▶ _What you will do_: Return, unchanged and with no pictures, the lines below from the very first through the one that contains "Load image into".

▶ _Data to process_:
-- Opening Marker --
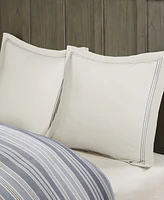 Madison Park Signature Farmhouse 9-Pc.Comforter Set, King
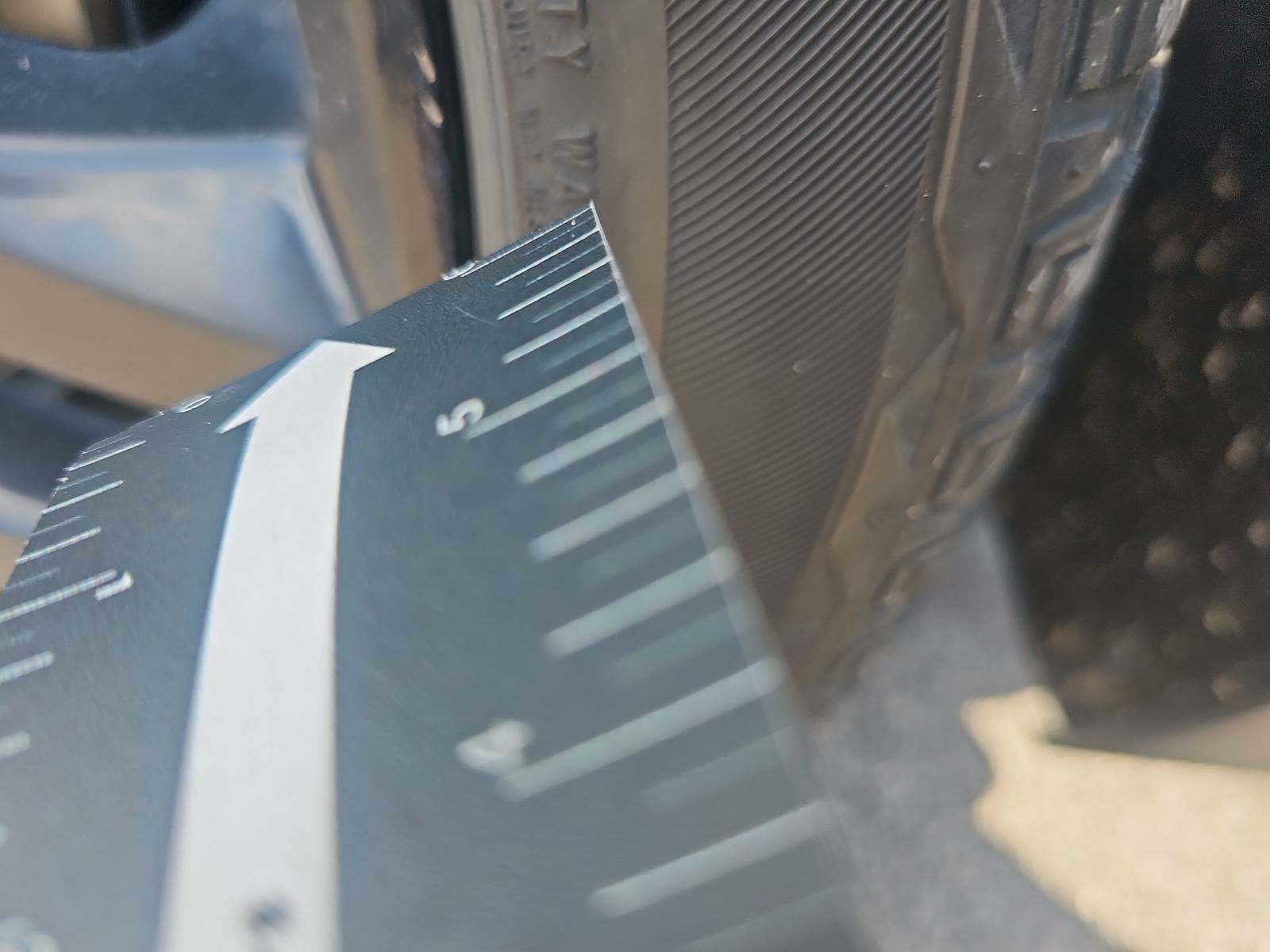 2021 Chevrolet Equinox LT FWD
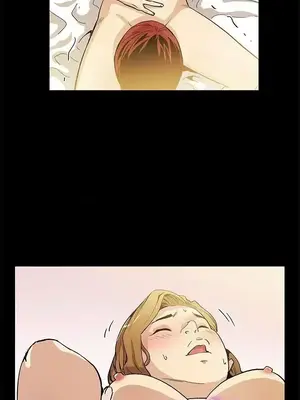 Mom cafe 1-72話[完結]_052023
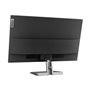 32" Lenovo L32P-30 - 3840x2160 (4K / UHD) - IPS - 75W UBS-C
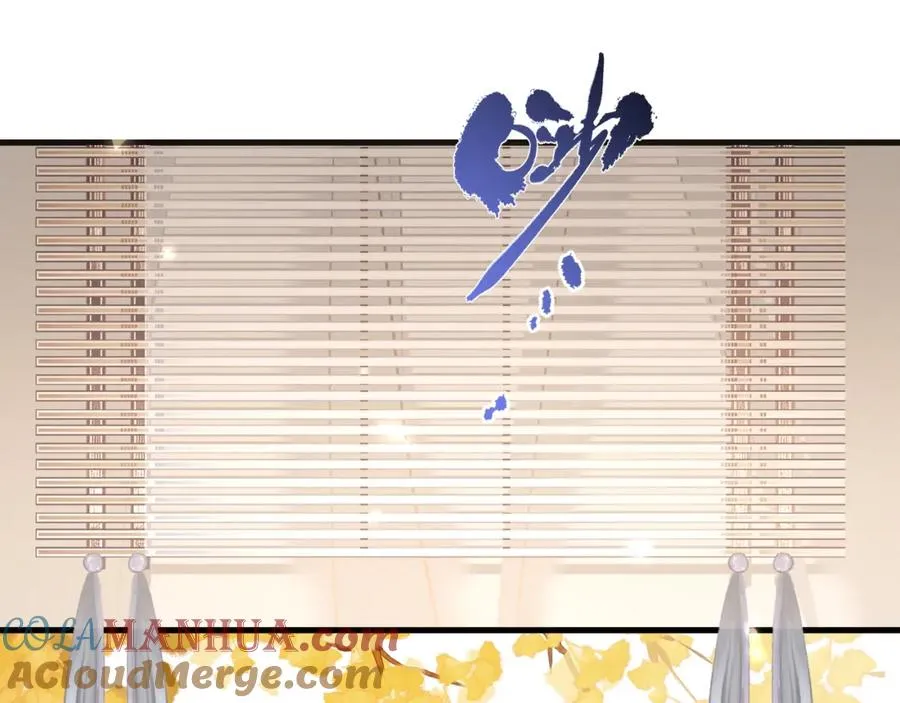 第10话 崽崽的耻辱暖jio36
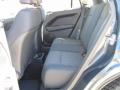 2008 Caliber SE #10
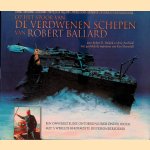 Op het spoor van de Verdwenen Schepen van Robert Ballard
Robert Ballard e.a.
&euro;&nbsp;10,00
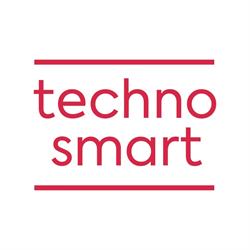TechnoSmart Oy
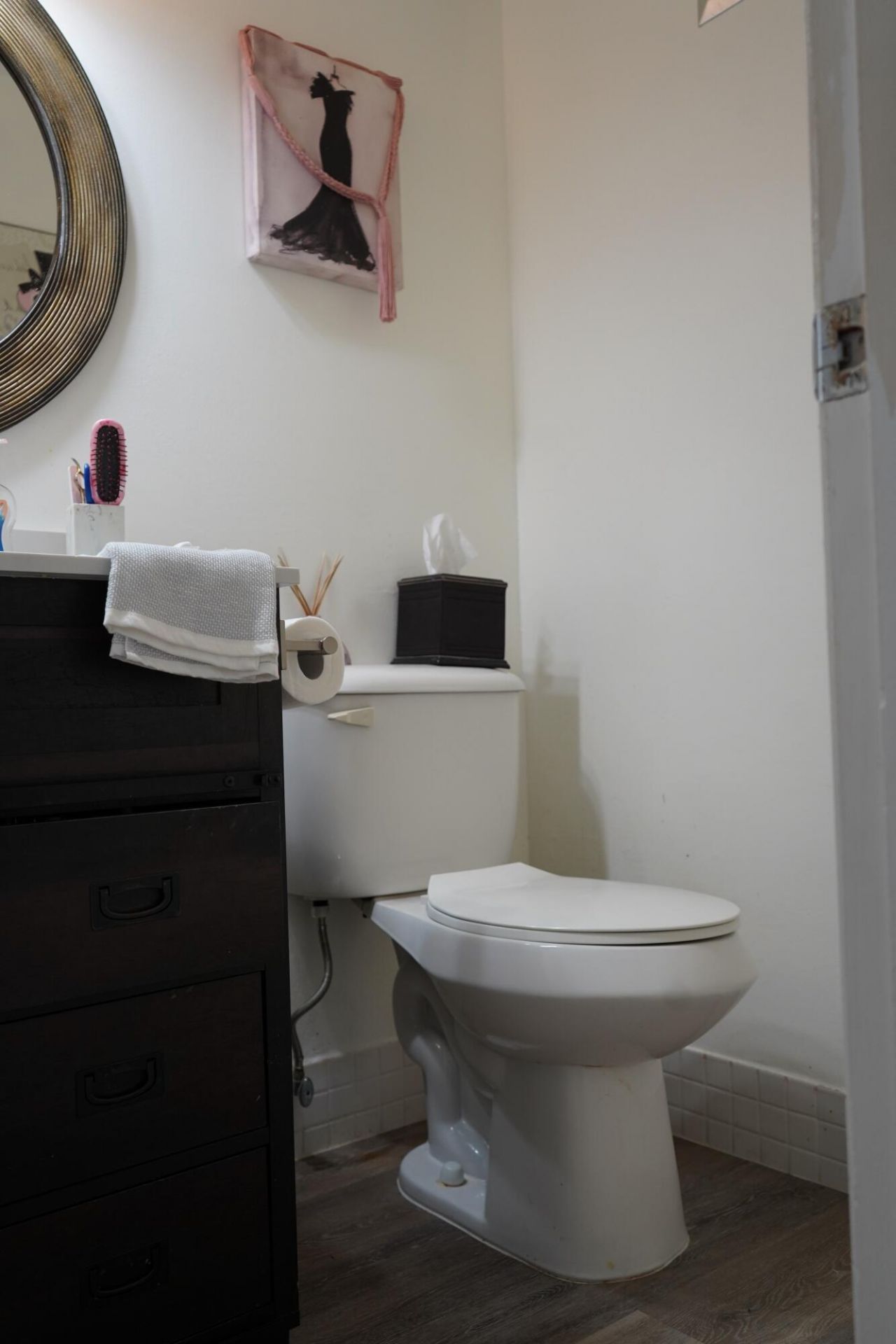 97 Berkshire E, West Palm Beach, FL 33417 Photo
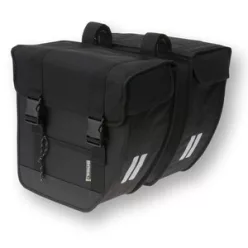 Basil-TOUR-2-reszes-csomagtarto-taska-26L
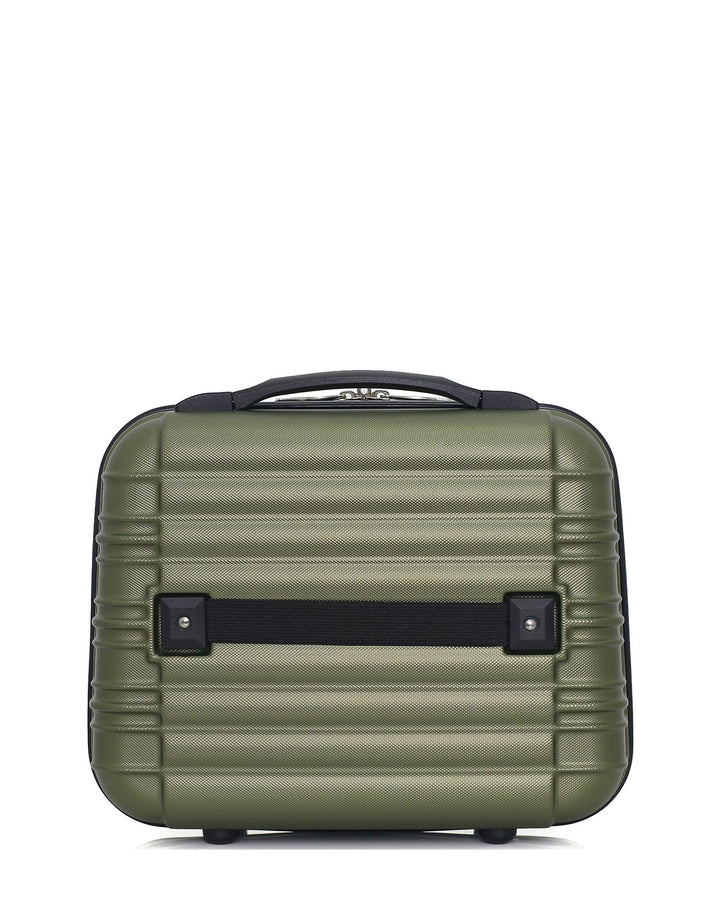 #couleur_khaki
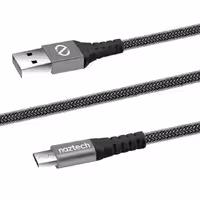 کابل شارژ نزتک مدل برایدد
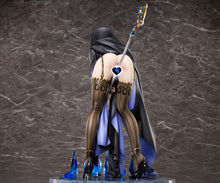 Load image into Gallery viewer, Native Kannazuki Noboru Original - Olivia 1/5 scale adult figure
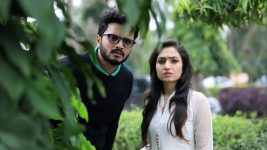 Agnisakshi (Kannada) S01E798 23rd December 2016 Full Episode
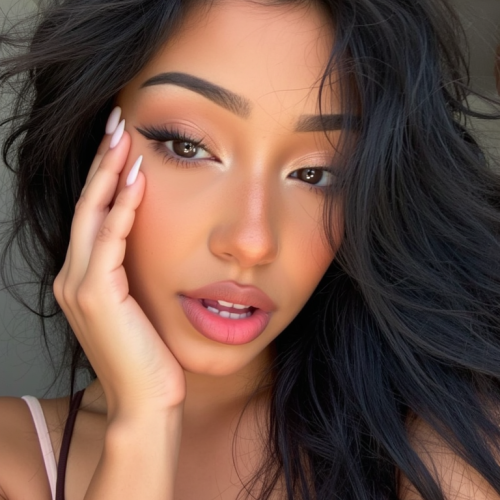 Alyssa  S. profile photo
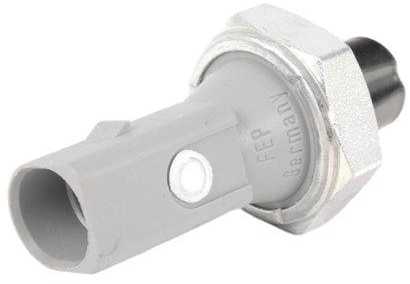 VAG A3 A4 A6 A8 Audi Volkswagen Oil Spaudos Sensorius Originalus 038919081M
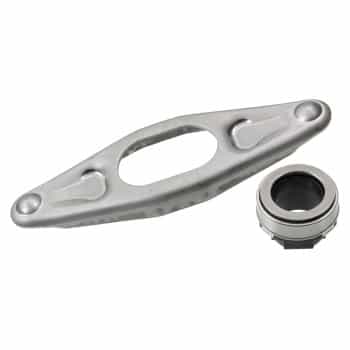 Clutch Releaser ADB113305 Blue Print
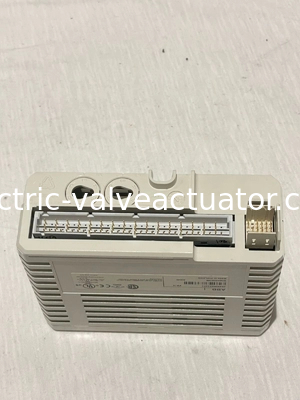 Un bon prix. AI820 3BSE008544R1 ABB Analog Input 4 ch Module Article Number en ligne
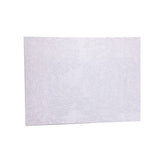 Panza Pictura Pe Numere 30X40CM Daco
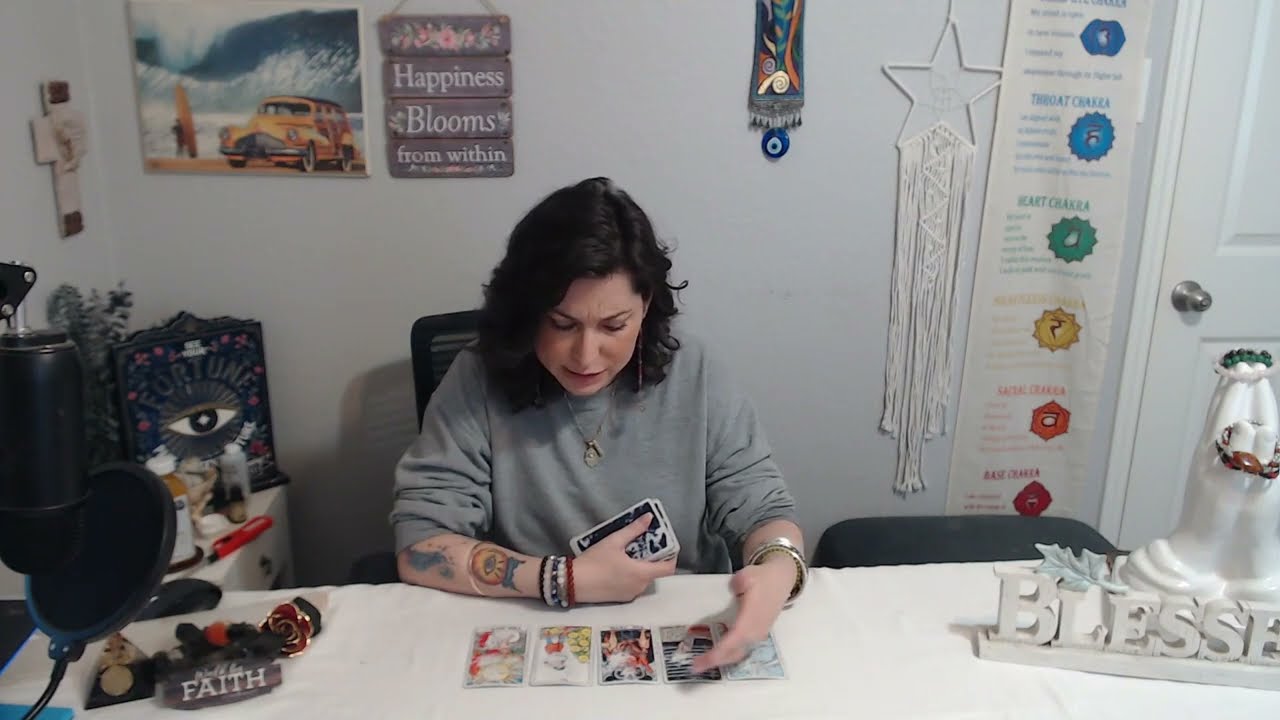 8899 555 МОЩНЫЙ ПЕРЕХОД💥ВАШИ ДУХОВНЫЕ ДАРЫ🎁БЛАГОСЛОВЕНИЯ💫и БОЖЕСТВЕННАЯ🪽ПОДДЕРЖКА НЕОСТАНОВИМЫ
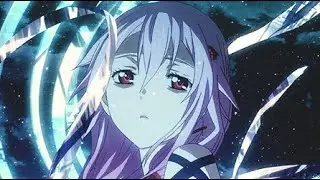 Guilty Crown AMV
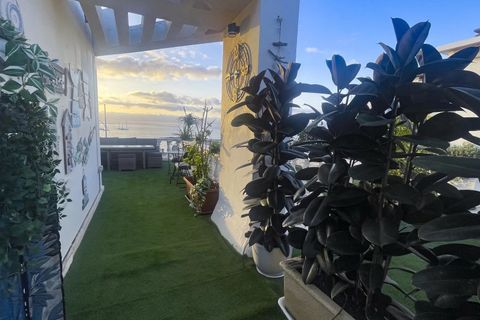 Lejlighed i Corralejo, Fuerteventura, Corralejo - € 390.000 | Ref: 01095 - foto 14
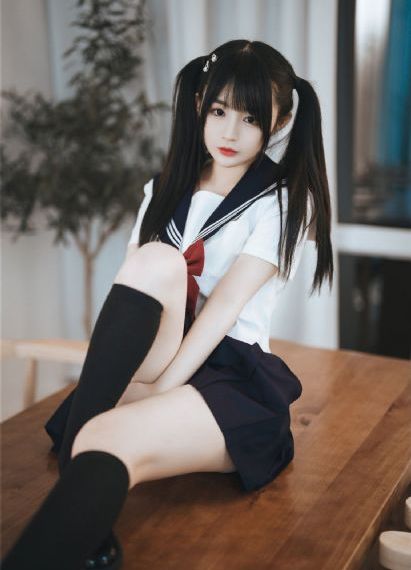 用我的手指扰乱你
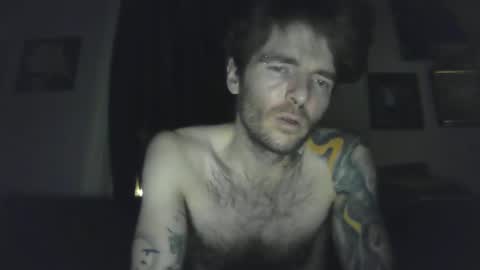 blowme19866 online show from 01/29/25, 09:44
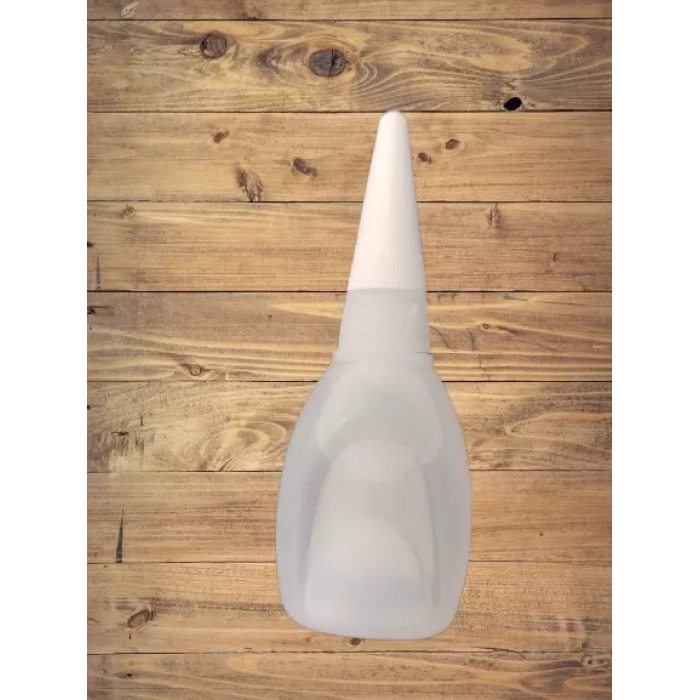 EVO BOND 502 Süper Japon Yapıştırıcı (Orjinal)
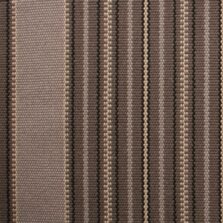 Roserton 4 stair runner by Fleetwood Fox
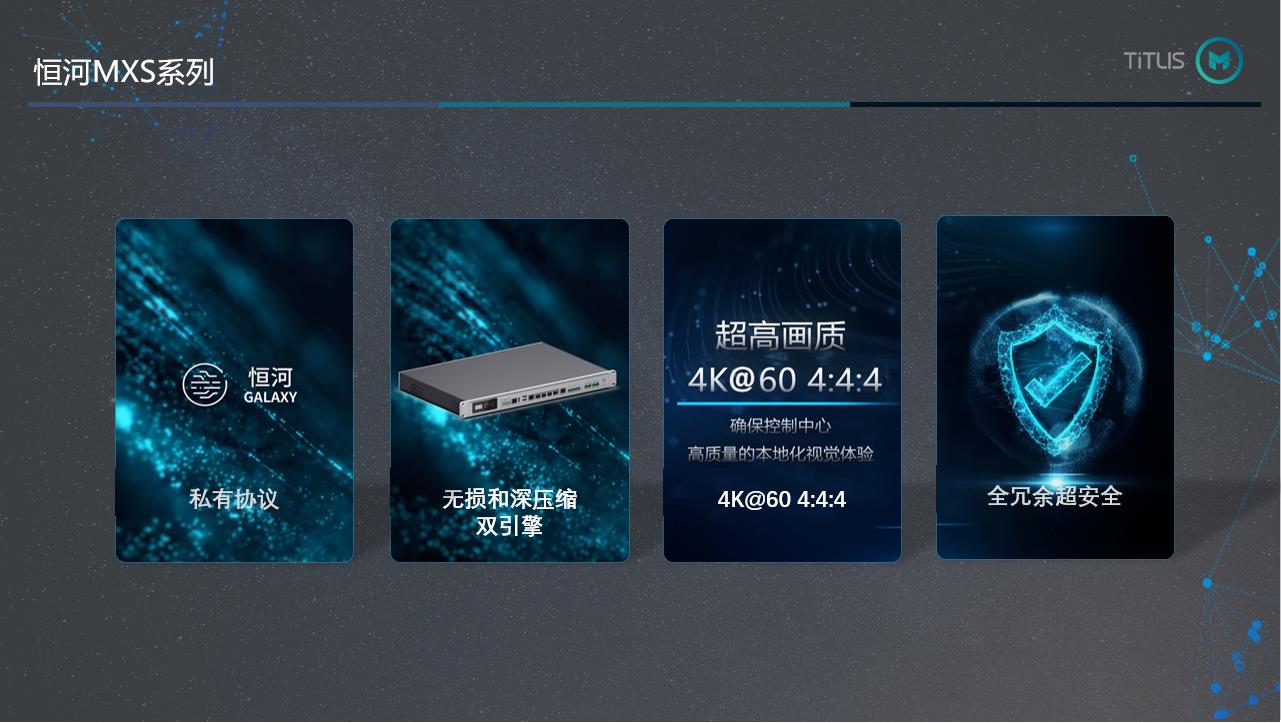 1659072662790235.jpg 5.jpg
-- Closing Marker --
▶ _Written solution_:
 Madison Park Signature Farmhouse 9-Pc.Comforter Set, King
 2021 Chevrolet Equinox LT FWD
 Mom cafe 1-72話[完結]_052023
 32" Lenovo L32P-30 - 3840x2160 (4K / UHD) - IPS - 75W UBS-C
 第10话 崽崽的耻辱暖jio36
 2008 Caliber SE #10
 Op het spoor van de Verdwenen Schepen van Robert Ballard
Robert Ballard e.a.
&euro;&nbsp;10,00
TechnoSmart Oy
 97 Berkshire E, West Palm Beach, FL 33417 Photo
 Basil-TOUR-2-reszes-csomagtarto-taska-26L
 #couleur_khaki
 کابل شارژ نزتک مدل برایدد
 Load image into Gallery viewer, Native Kannazuki Noboru Original - Olivia 1/5 scale adult figure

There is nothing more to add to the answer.